[Web page caption snippets]

Segment Open

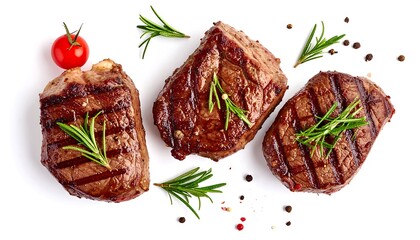 Grilled steak with herbs, in studio, view from above, isolated on white background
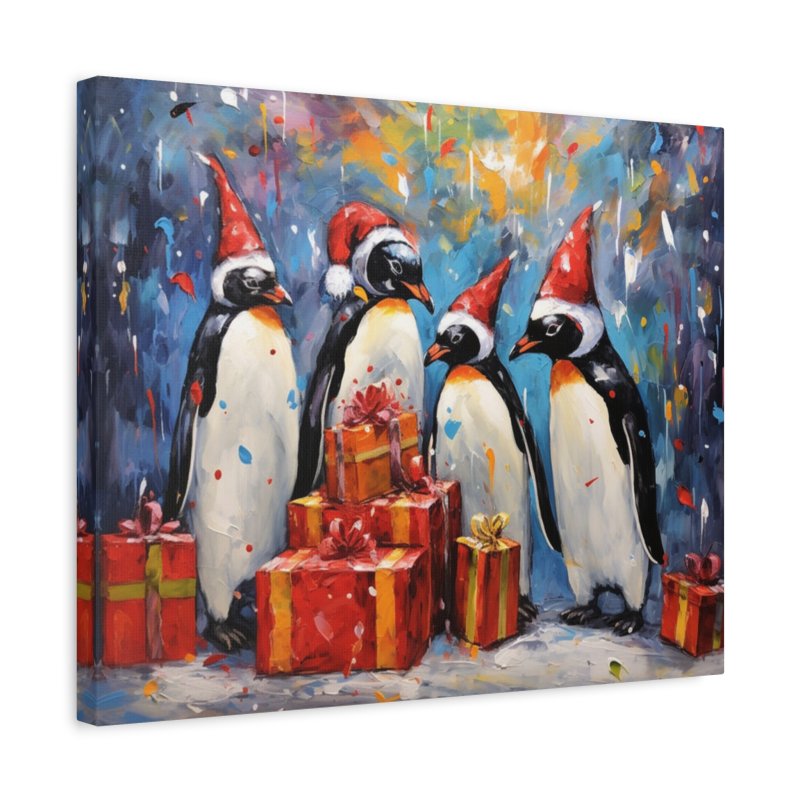 Four penguins wearing red hats gathered around colorful wrapped gift boxes, painted in a vibrant, abstract style with a festive background.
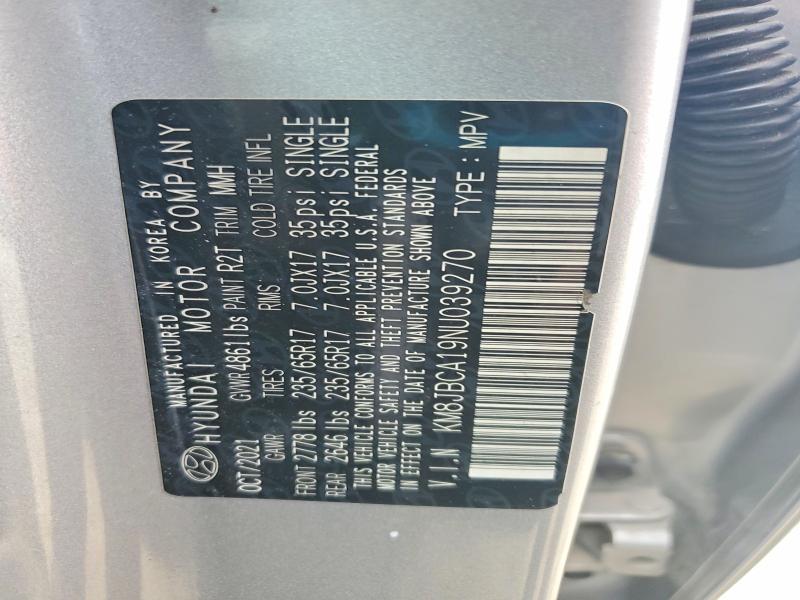 Aukcja sprzedaży 2022 Hyundai Tucson, vin: KM8JBCA19NU039270, numer aukcji: 55427246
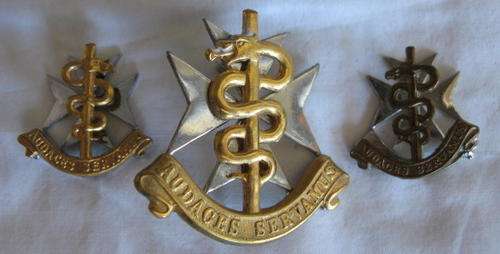 SA MILITARY HEALTH SERVICES CAP + 2 COLLARS 1980'S - EARLY 90'S.  LUGS INTACT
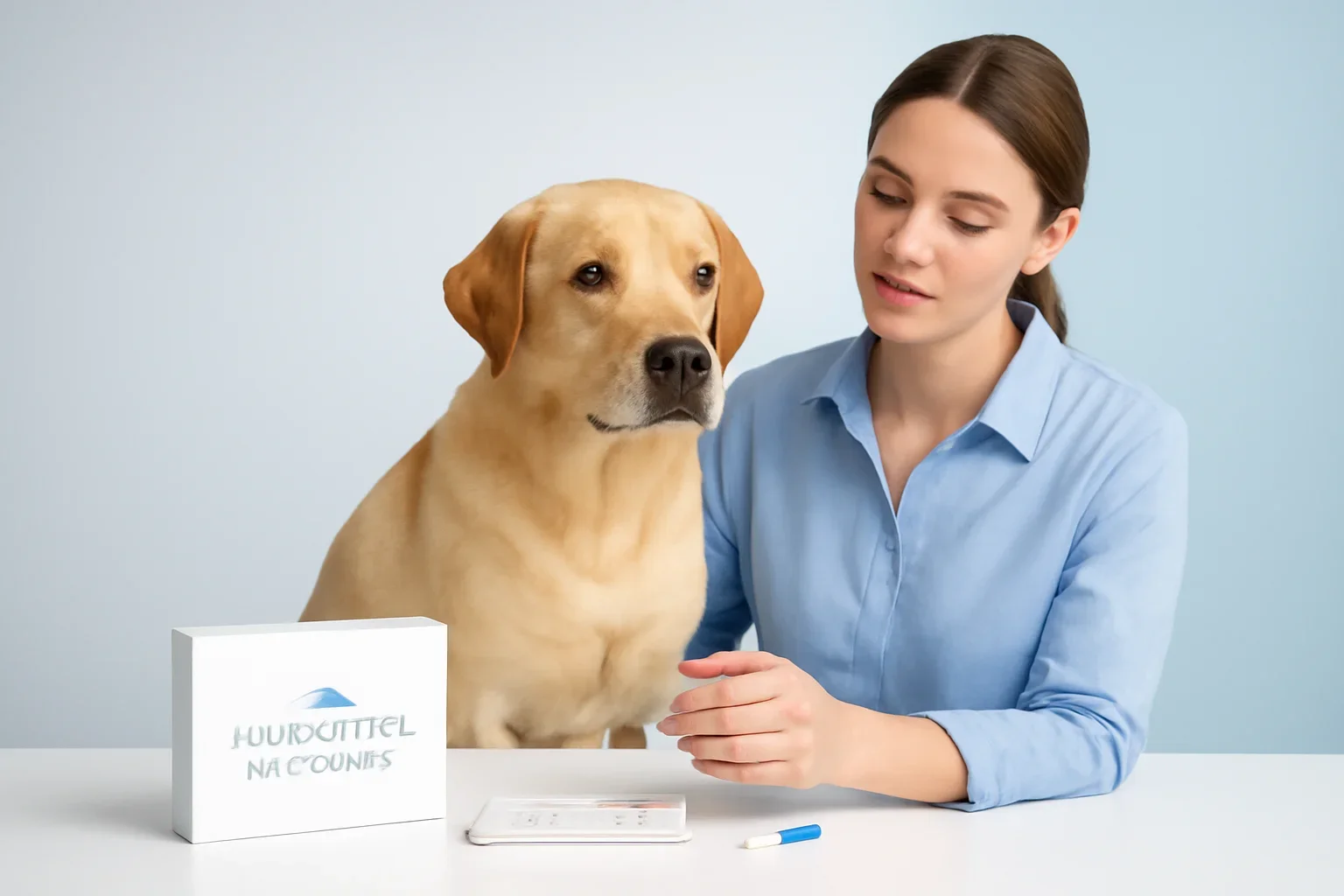 Glacier Peak Dog Allergy Test page visual showing dog allergy testing materials and a calm dog owner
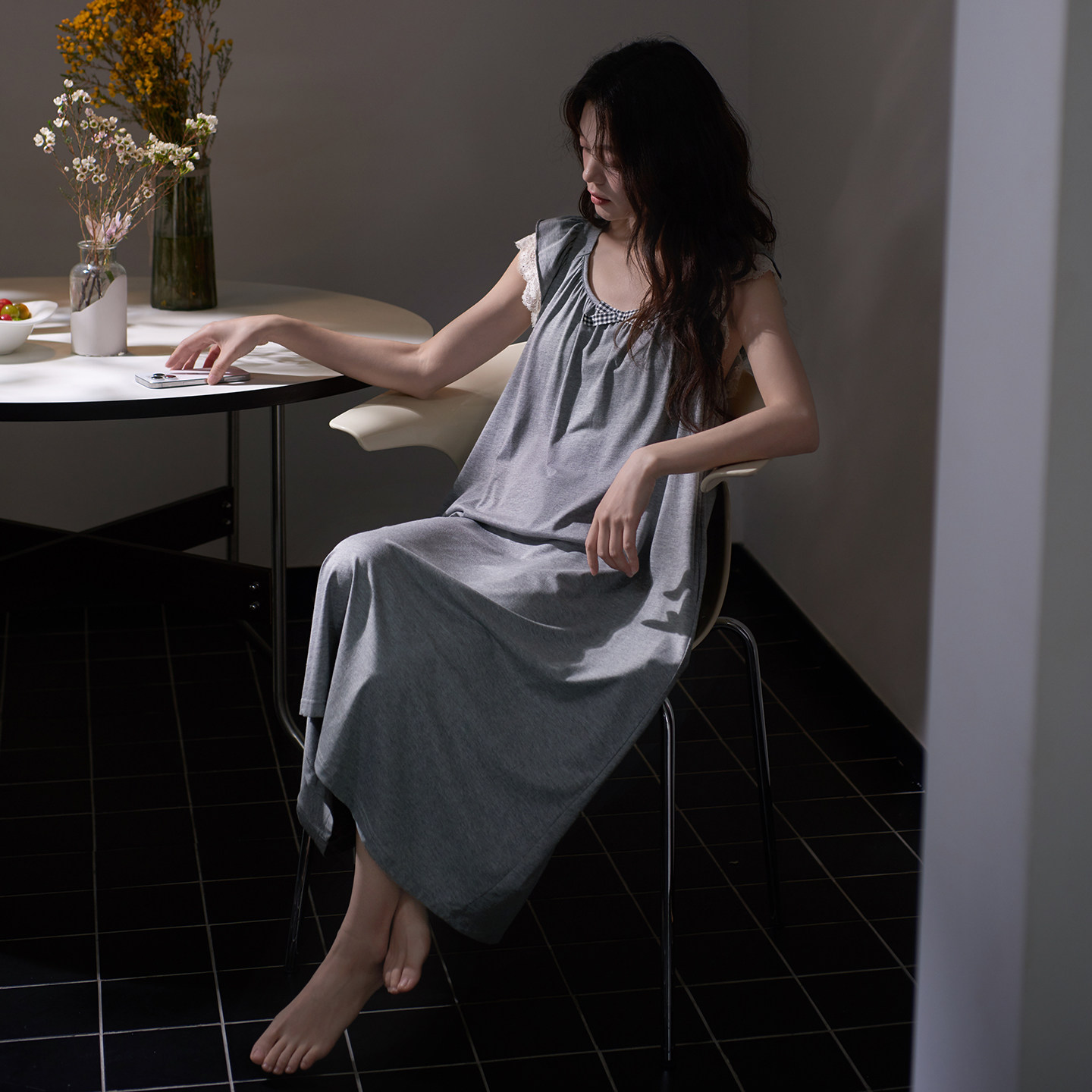 马克公主带胸垫吊带睡裙女夏新款甜美柔软棉公主风睡衣背心连衣裙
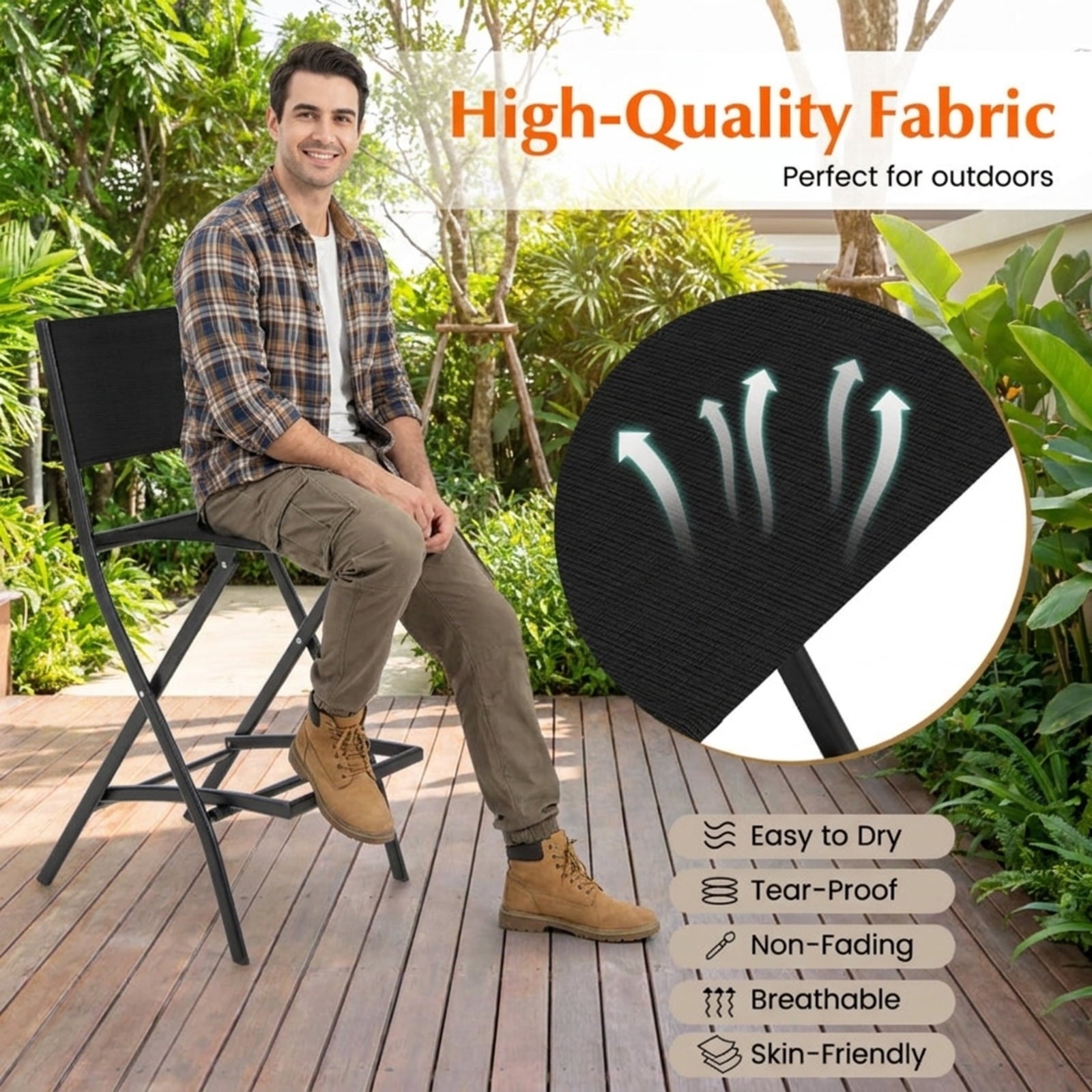 Biotree Outdoor Folding Bar Height Stool Set of 4 with Metal Frame and Footrest for Patio Porch Garden Backyard Outdoor, Black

Segment Closed

[WORK REQUEST] For this exercise, set down exactly the lines that run from the line holding "马克公主带胸垫吊带睡裙女夏新款甜美柔软棉公主风睡衣背心连衣裙" to the last line of the records above; include both end lines and omit pictures.

[RESULT]
 马克公主带胸垫吊带睡裙女夏新款甜美柔软棉公主风睡衣背心连衣裙
 Biotree Outdoor Folding Bar Height Stool Set of 4 with Metal Frame and Footrest for Patio Porch Garden Backyard Outdoor, Black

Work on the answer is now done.